Ci ributtiamo sulla strada polverosa e cominciamo a imbatterci in piccoli villaggi himba, le donne col torso nudo a mostrare i seni e coi capelli impastati di terra rossa, ci chiamano dalla strada per venderci le solite statuine di legno, i bracciali o anche solo per chiedere soldi. Nei giorni successivi andiamo a visitare un villaggio più grande e, ci garantisce la nostra guida, assolutamente autentico.

Ci imbattiamo appena arrivati in un guardiano di capre con una tuta verde, la canottiera della salute e un medaglione gigante al petto con il simbolo del dollaro, oro e brillanti. Come un rapper costretto a fare il pastore, si trascina con le infradito a farci vedere la capanna in cui dorme e risponde a monosillabi alla guida che cerca di estorcergli informazioni.

Intanto le donne, le ragazze e i bambini ci aspettano in cerchio. Davanti a ognuno di loro in bella mostra le statuine lignee, le collane, le bamboline che riproducono le donne himba. La guida ci racconta della tradizione del capo villaggio di sposare otto donne, ci assicura che tutte vanno d’amore e d’accordo in questo harem, e poi ci spiega il significato dei copricapi, delle collane, dei bracciali. Le donne sono bellissime. I loro costumi, i loro capelli sorprendenti. Non mi stupisce che suscitino un richiamo così forte per il turista, ma mi chiedo se questa tradizione resisterebbe se non avesse questo richiamo turistico, se non fosse fonte di guadagno. Ci chiedono se vogliamo che danzino per noi ma capiamo che non ne hanno nessuna voglia, che forse è una richiesta della guida per avere qualche dollaro in più, e diciamo di no, grazie. Danzate tra voi quando avrete da festeggiare qualcosa.

C’è ne andiamo con un po’ di amarezza, con la sensazione straniante di non poter distinguere il vero dal falso, la messa in scena da un reale tramandarsi di una cultura millenaria così ricca di fascino. Usciamo dal cerchio. Le donne e i bambini si alzano, ognuno mette la propria merce in un sacco di plastica, e si incamminano verso le loro vere capanne, qualche centinaio di metri più in là. Il villaggio si svuota, rimane un pentolone con il pap che bolle da ore, e spazzatura ovunque. Plastica, bottiglie di birra, stracci, sacchetti che svolazzano, vetri rotti, secchi, brandelli di coperte. I cani e le capre che si aggirano alla ricerca di qualcosa di commestibile.

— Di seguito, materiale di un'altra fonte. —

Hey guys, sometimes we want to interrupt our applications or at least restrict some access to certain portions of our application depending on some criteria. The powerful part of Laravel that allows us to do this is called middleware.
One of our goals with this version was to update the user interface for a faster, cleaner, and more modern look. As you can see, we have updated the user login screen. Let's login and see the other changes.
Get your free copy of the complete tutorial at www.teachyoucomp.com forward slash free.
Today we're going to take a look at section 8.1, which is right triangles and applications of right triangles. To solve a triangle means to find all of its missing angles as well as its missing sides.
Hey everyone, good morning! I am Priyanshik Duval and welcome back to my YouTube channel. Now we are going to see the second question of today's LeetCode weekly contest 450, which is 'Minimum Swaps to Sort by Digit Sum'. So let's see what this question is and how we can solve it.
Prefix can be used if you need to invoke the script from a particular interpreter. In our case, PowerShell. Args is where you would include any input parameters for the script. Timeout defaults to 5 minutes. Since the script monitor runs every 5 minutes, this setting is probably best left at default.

Incontriamo Hilya a Outapi. Si sta scrivendo con Silvia da giorni per accordarsi su quando vedersi. Sembra complicato. Noi arriviamo venerdì sera. Lei il sabato mattina deve andare in chiesa. E allora aspettiamo nella ridente Outapi che si liberi per il sabato pomeriggio. Outapi è una cittadina polverosa a pochi chilometri dall’Angola, da un paio di giorni di città come queste ne abbiamo viste tante: un caotico andirivieni di macchine, gente a piedi, supermercati con pacchi giganti di farina, di zucchero, di biscotti; barattoli di maionesi da 30 chili, sacchetti di patatine al formaggio alti come una persona. Capre ovunque, cani scheletrici con tette penzolanti, maialini che frugano nella spazzatura in cerca di cibo, in attesa di diventare abbastanza grandi da diventare loro stessi cibo. All’improvviso mentre usciamo dal supermercato Hilya ci chiama che è già arrivata e che possiamo vederci.

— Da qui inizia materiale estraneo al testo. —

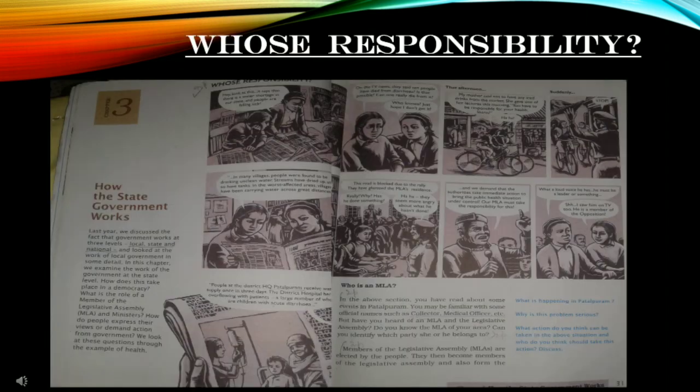Students, here we will see how government works in health. We will see a small story through this.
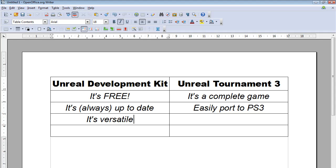The ability to change the way that things are done is implemented directly into the Unreal Development Kit. In Unreal Tournament 3, you would have to introduce that functionality yourself, possibly through Unreal Script or using C++.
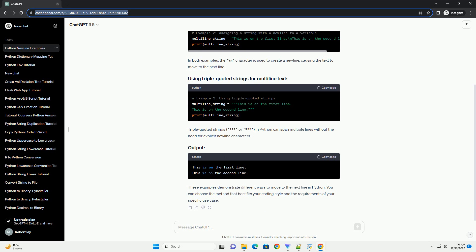Output. Method 2: Using triple quotes for multi-line strings. Another way to move to the next line is by using triple quotes to create multi-line strings. This method is useful when you want to include line breaks within a block of text.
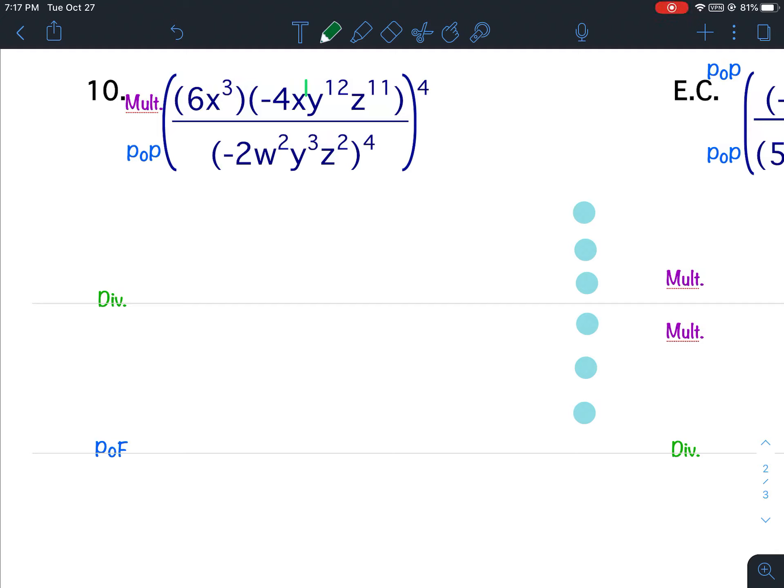Laws of exponents 4.3 worksheet, number 3, question number 10. Before I can divide, I need to simplify the numerator and I need to simplify the denominator. In the numerator I need to multiply — when you see two parentheses side by side, that means multiplication.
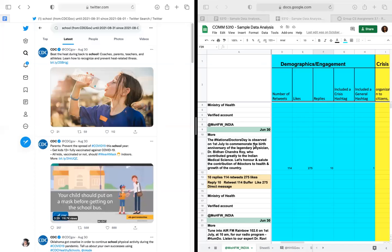Welcome to tonight's session. We are doing the methodology section and I'm super excited about it because this is where you get into the meat of the research. Just like diving into a meal, you guys are actually diving into the research now. We've talked about it, now we're actually going to do it.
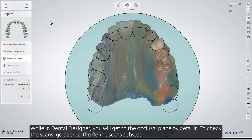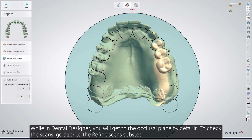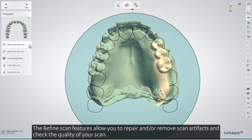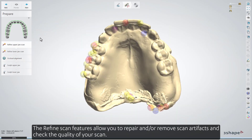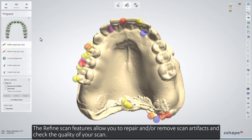While in Dental Designer, you'll get to the Occlusal Plane by default. To check the scans, go back to the Refine Scans sub-step. The Refine Scan features allow you to repair and/or remove scan artifacts and check the quality of your scan.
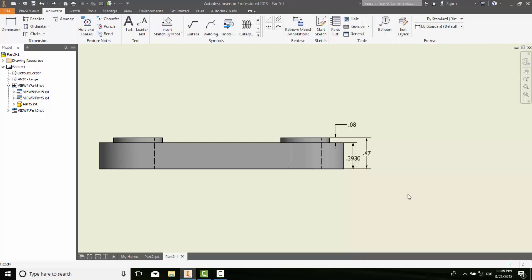Modifying the model's dimensions. In Inventor, the model dimensions are bi-directionally associative.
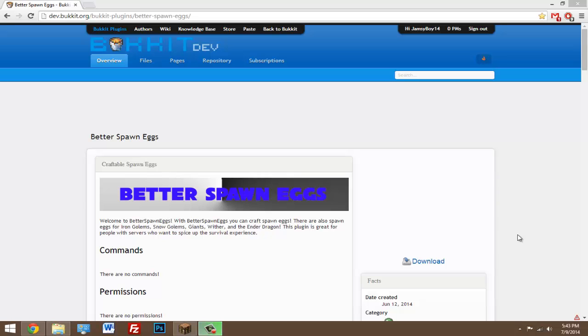It's a really simple plugin, but I decided I want to do a tutorial on it because on my old server, a lot of players used to ask if they could have these spawn eggs with them or for them, and it would kind of get annoying to be honest.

Ci incontriamo davanti al suo negozio di bici. Lei è una della donne che stiamo sostenendo con il nostro crowdfunding. Sistema bici, le rivende, ha una squadra di bambini che prepara per gareggiare in competizioni di BMX, gareggia lei stessa in gare di mountain bike, una donna piena di energia e con un sorriso contagioso. Ci crede davvero che la bici possa cambiare le cose, intanto ha cambiato la sua vita e quella della sorella che lavora con lei, e questo è già tanto.

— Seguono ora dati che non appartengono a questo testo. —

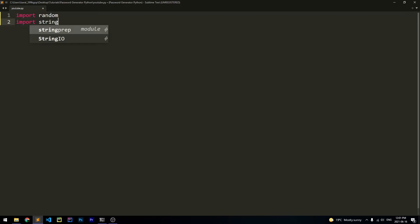So random is going to allow us to choose a random set of characters for our password, and string is going to allow us to find all of the different characters we're going to use for our password. So we're going to use uppercase letters, lowercase letters, numbers, and characters, and string is going to allow us to cleanly access those.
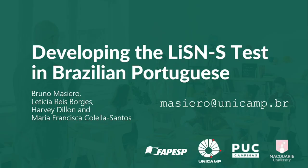We conclude by thanking our institutions that supported this work and the São Paulo Research Foundation that funded this research. Thank you.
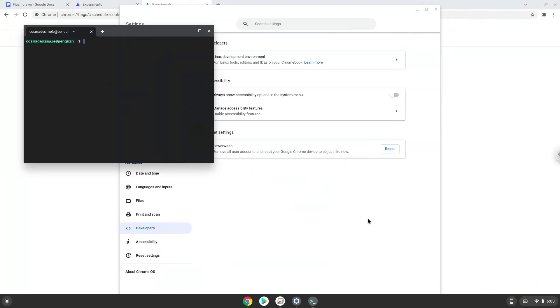Now that we have enabled Linux apps on our system, we will continue to the next step, which is to run several commands in a terminal, which will install Adobe Flash Player. All the commands are in the video description.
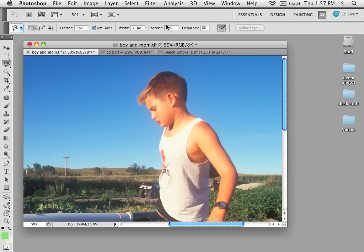Contrast is looking at the differences in contrast between the areas within that circle. If you look at this boy's head, we have the boy and the blue background — it's looking at the value difference between those two areas, not the hue. Frequency is the number of registration points that are going to be set along the path that is being selected using this tool.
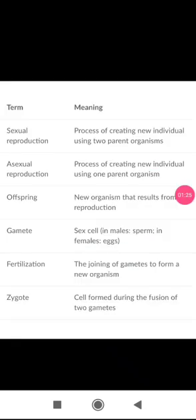Let's look at a few keywords. Sexual reproduction is the process of creating new individuals using two parent organisms — when two parents are involved, we call it sexual reproduction. Asexual reproduction is the process of creating a new individual using one parent organism. Offspring is the new organism that results from reproduction.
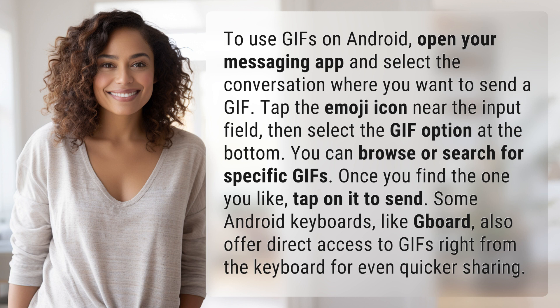You can browse or search for specific GIFs. Once you find the one you like, tap on it to send.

Ci porta a mangiare sotto un tendone della chiesa che raccoglie fondi per un coro. Le casse a palla diffondono le voci del coro in cerca di sostegno. È un pranzo tipico e noi siamo curiose. Su suggerimento di Hilya prendiamo del pap, dei fagioli un po’ brodosi e degli spinaci. Silvia si avventura ad assaggiare le larve della pianta mopane. Buone, dice. Ma ne mangia due e poi la vedo in crisi. Per loro sono una prelibatezza totale. Hilya le lascia per ultime e se le gusta a occhi chiusi.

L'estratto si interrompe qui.